Extra-nodal marginal zone mucosa-associated lymphoid tissue thyroid lymphoma (MALT) has an indolent course, associated with long-standing autoimmune Hashimoto’s thyroiditis. There are still challenges in diagnosis of this type of thyroid tumor as its indolent behavior and the cytological and histological similarities with Hashimoto’s thyroiditis. We present a case of a 70-years-old woman with thyroid MALT lymphoma mimicked subacute painful thyroiditis.

A clinical course and investigations of this case has been described.

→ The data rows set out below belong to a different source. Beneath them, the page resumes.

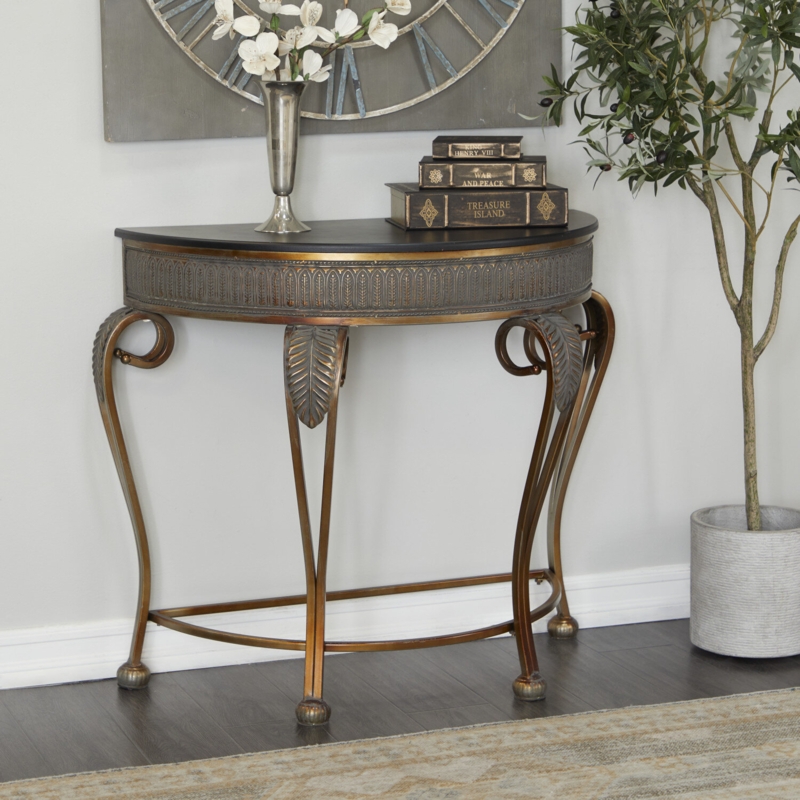 Allura 41'' Iron Console Table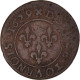 Monnaie, France, Louis XIII, Double Tournois, 1629, Lyon, TTB, Cuivre - 1610-1643 Ludwig XIII. Der Gerechte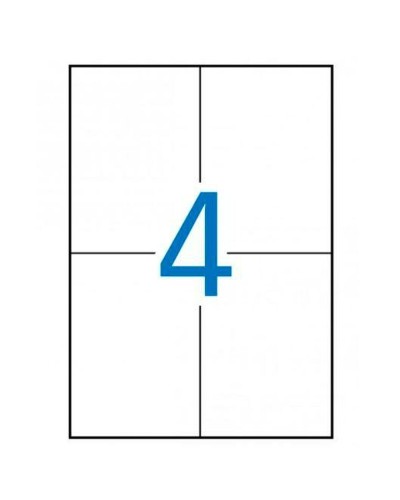 Etiquetas adhesivas Apli 1280 100 Hojas 105 x 148 mm Blanco A4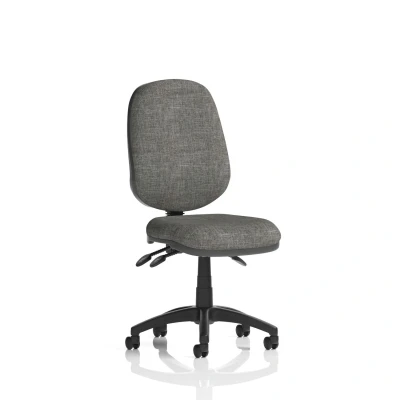 Image of Dynamic OP000033 Eclipse III Lever Task Operator Chair Without Arms Charcoal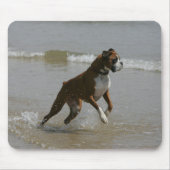 Boxer-Hund im Wasser Mousepad (Vorne)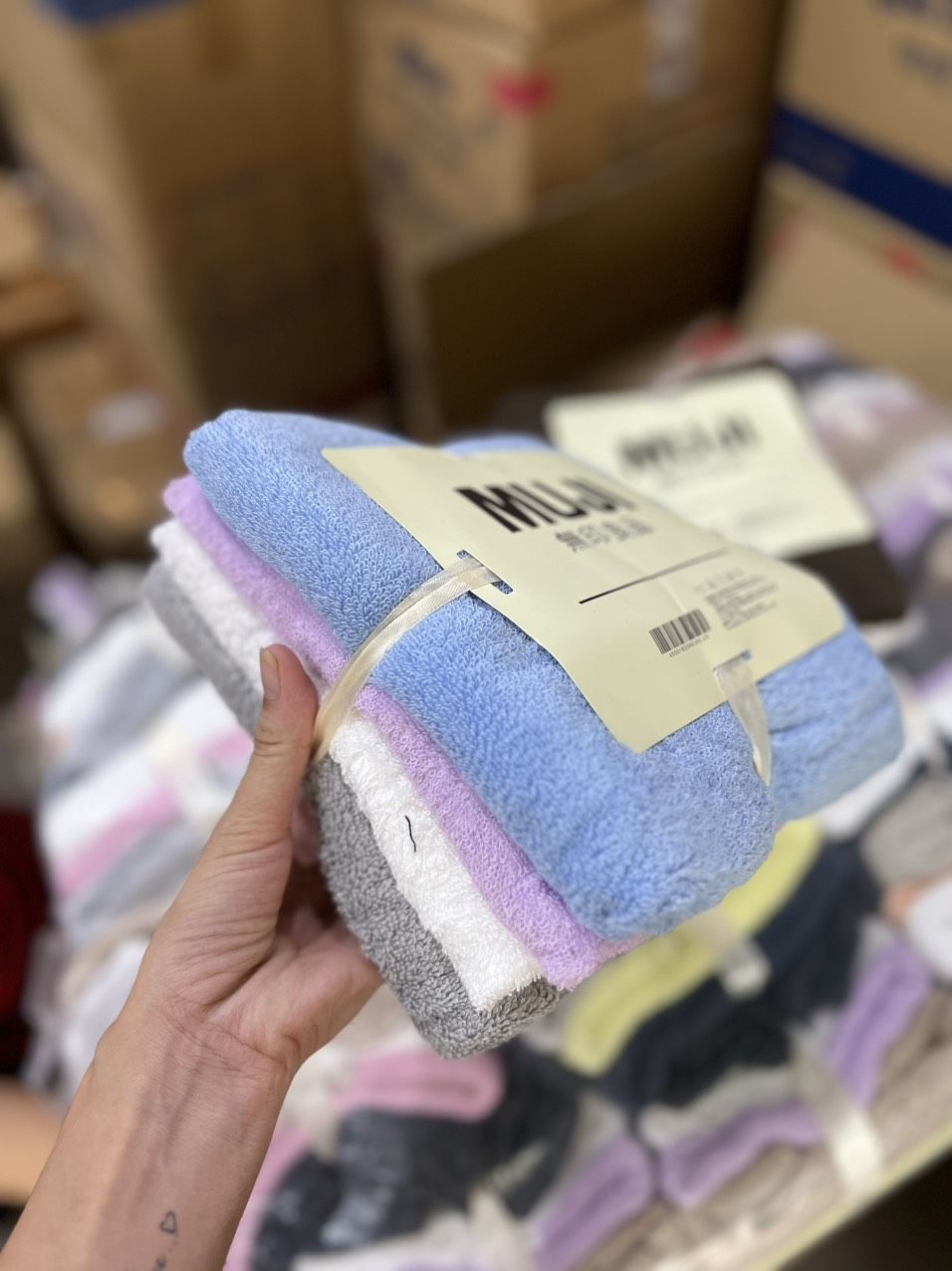 SET 4 KHĂN TẮM MUJI 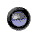 Circular icon with black border and light purple interior showing a white cloud-like shape with a small dark spot, animated to change position and size across frames.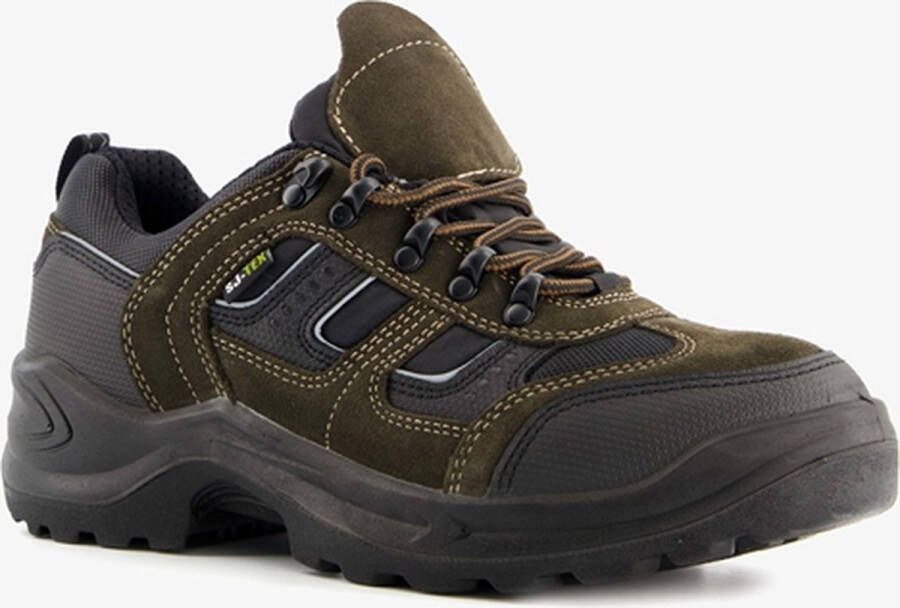 SJ Adventure heren wandelschoenen categorie A B Groen Uitneembare zool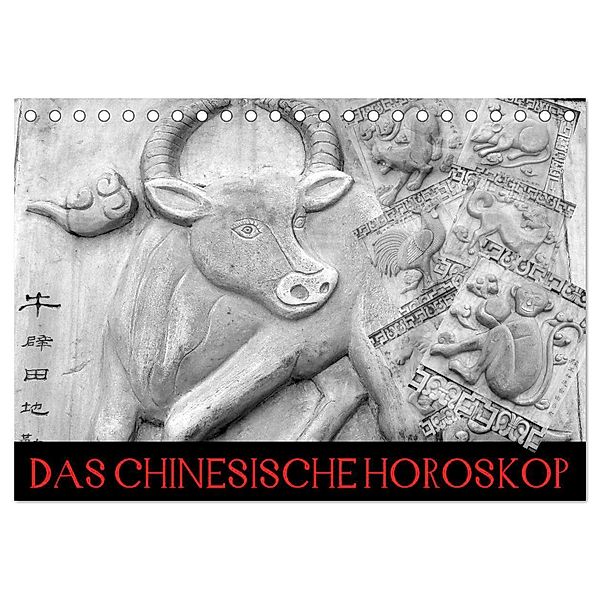 Das Chinesische Horoskop / Geburtstagskalender (Tischkalender 2024 DIN A5 quer), CALVENDO Monatskalender, Elisabeth Stanzer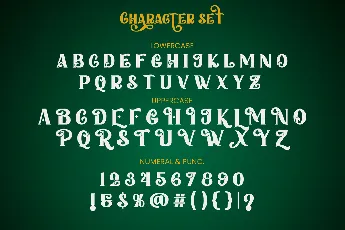 Home Christmas Serif font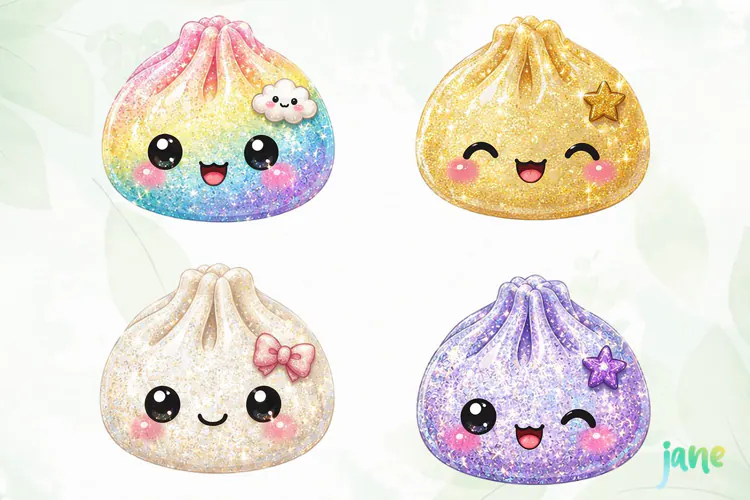 Glitter Dumpling Clipart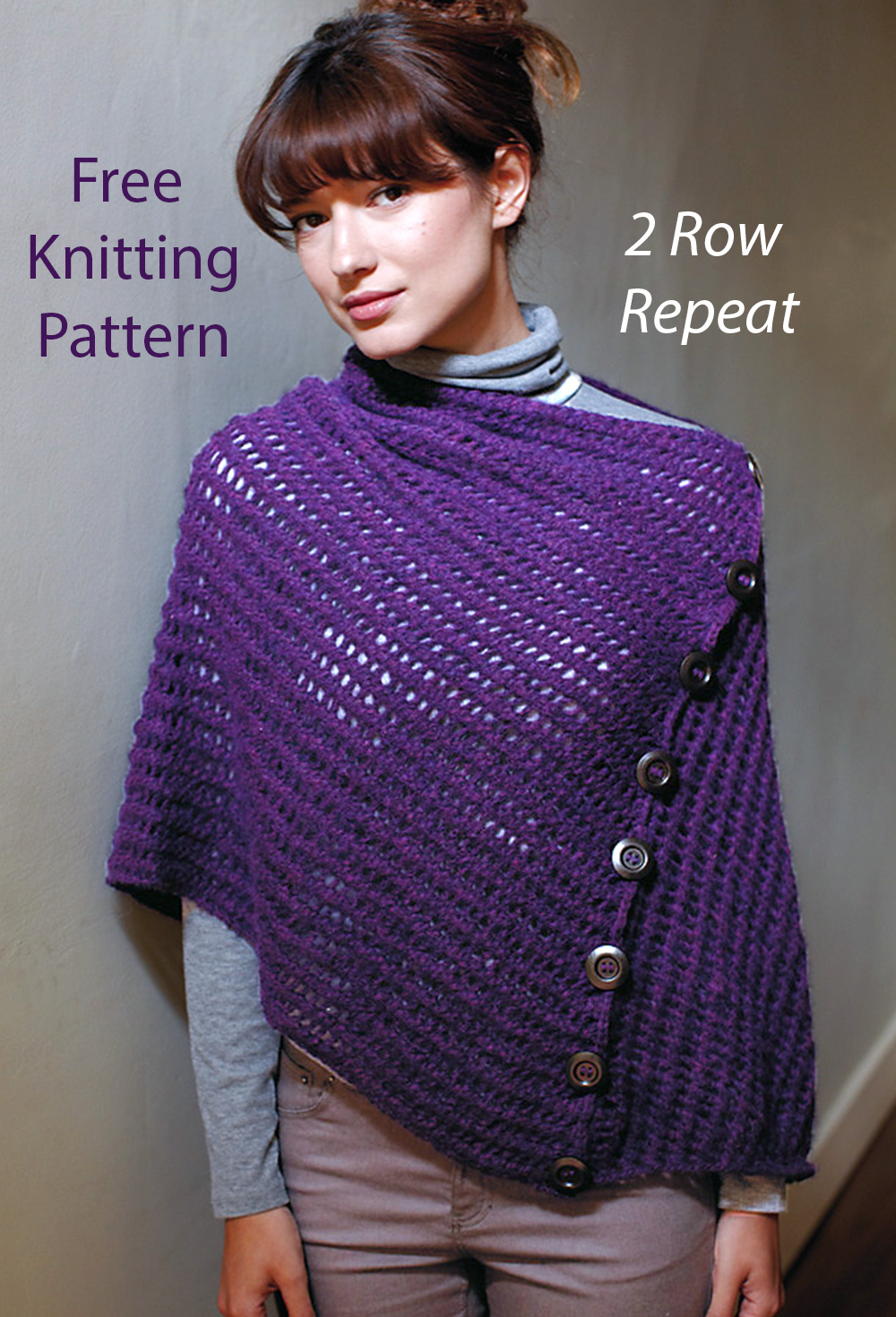 Free Bibbi Wrap Knitting Pattern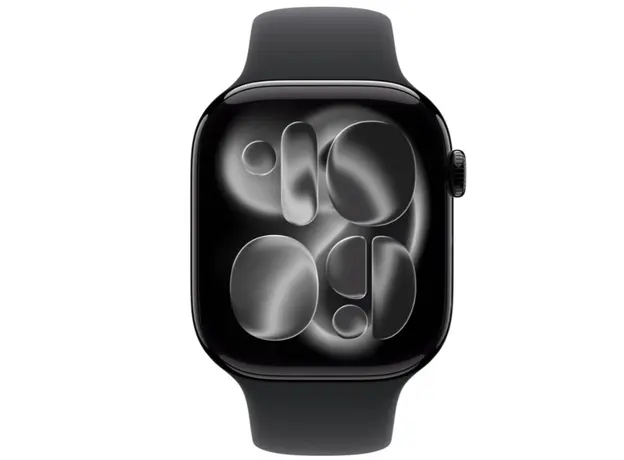 Smart watch Apple Watch Series 11 GPS 46mm Jet Black Aluminium Case with Black Sport Band - S/M (MEUW4RK/A)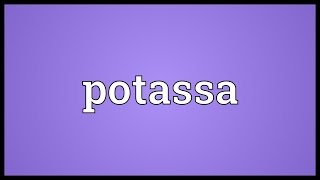 Potassa Meaning [upl. by Gorman]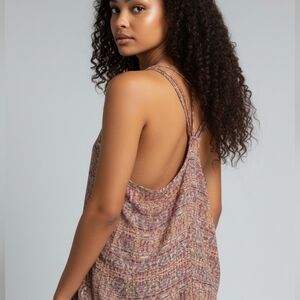 Nordstorm Soprano spaghetti straps paisley print top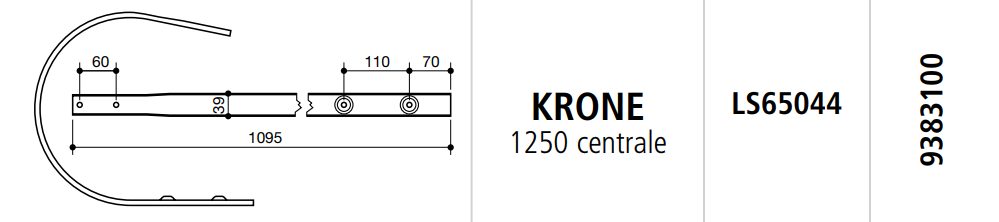 COSTILLA ROTOEMPACADORA KRONE REF. LS65044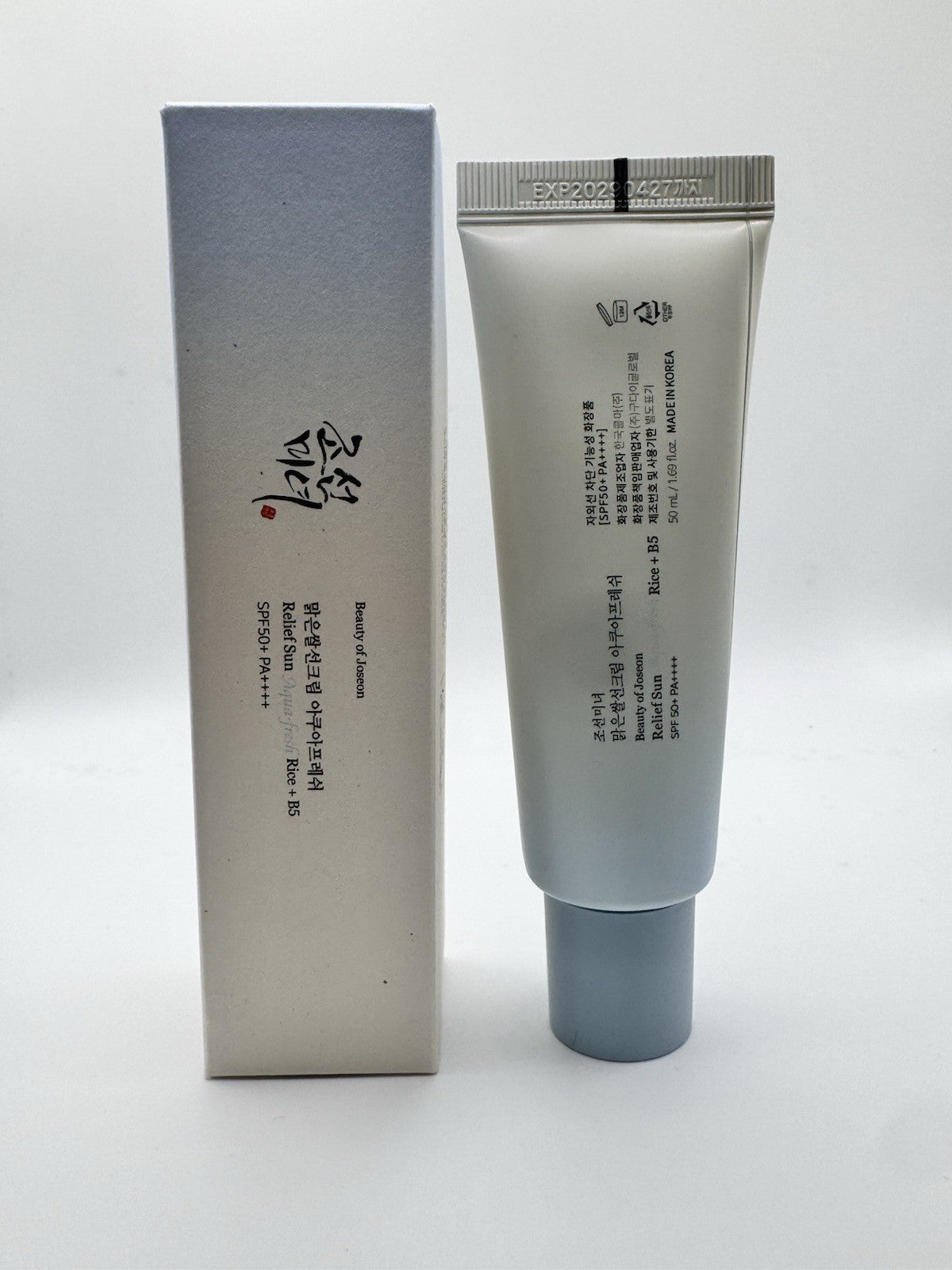 BEAUTY OF JOSEON Relief Sun Aqua Fresh Rice SPF50+ PA++++ 50ml - Hydrating Sun Protection for Skin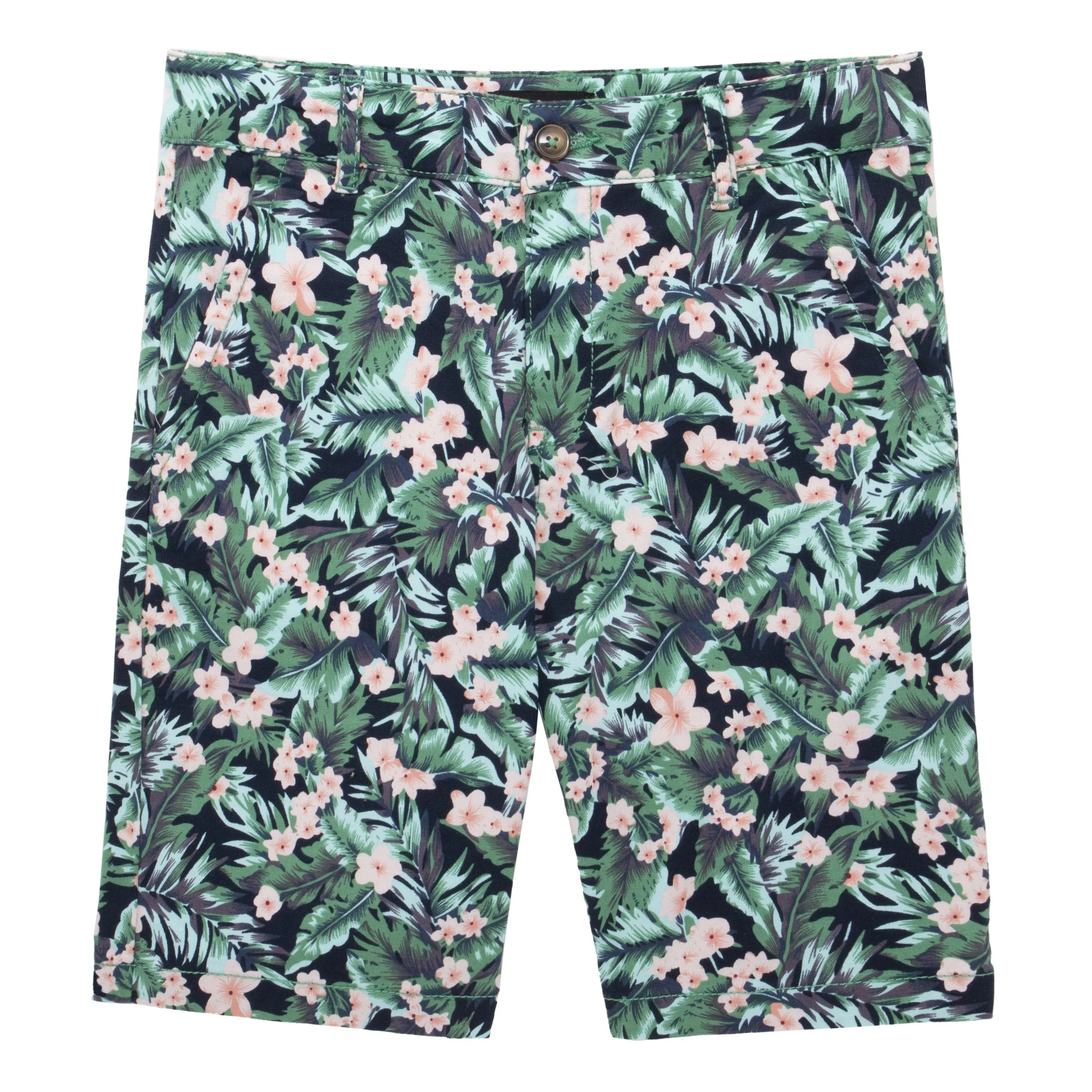 Tropical Floral Chino Short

A 70-year-old Thai woman with a history of long-standing hypothyroid Hashimoto’s thyroiditis requiring levothyroxine 100 µg/day for more than 3 decades presented with anterior neck pain with enlarging thyroid goiter for 1 week. She had no signs of fever or a preceding infection of the upper respiratory tract. Six months earlier, thyroid ultrasonography (US) was done as a part of health screening. A large complex solid-cystic nodule 3.9x5.8x6.8 cm occupying right lobe of thyroid gland with multiple enlarged right cervical lymph nodes (LNs) up to 1.7 cm were found. Core needle biopsy showed dense small-lymphocytic proliferation without malignancy. The patient was advised to regularly follow-up. Subacute painful thyroiditis was diagnosed in this visit based on clinical examination and elevated erythrocyte sedimentation rate (ESR) at 80 mm/hour. Oral prednisolone 30 mg/day was given and she responded very well with relieving her neck pain and reduced the goiter size. However, the recurrent episodes swollen and painful neck were developed when oral prednisolone was tapered less than 10 mg/day. Over the course of 24 months, the patient had been continued oral prednisolone continuously varied in the dose of 5-20 mg/day. Eventually, US thyroid was done again at 30 months from the initial US. A large well-defined inhomogeneous hypoechoic mass occupying entire right thyroid lobe with multiple cervical LNs were found. Core needle biopsy at both right thyroid nodule and cervical LNs were done again with immunohistochemistry staining. The findings were suggestive of MALT thyroid lymphoma. Further investigations revealed no distant dissemination. The patient underwent watchful waiting for 6 months but relapse disease developed requiring chemotherapy. She is doing well at 18 months after the diagnosis.

Patients with known Hashimoto’s thyroiditis with rapidly enlarging neck mass should raise suspicion for thyroid tumors. Primary thyroid lymphoma especially low-grade MALT lymphoma is still challenges in diagnosis and painful thyroid mimicked subacute thyroiditis could be its manifestation.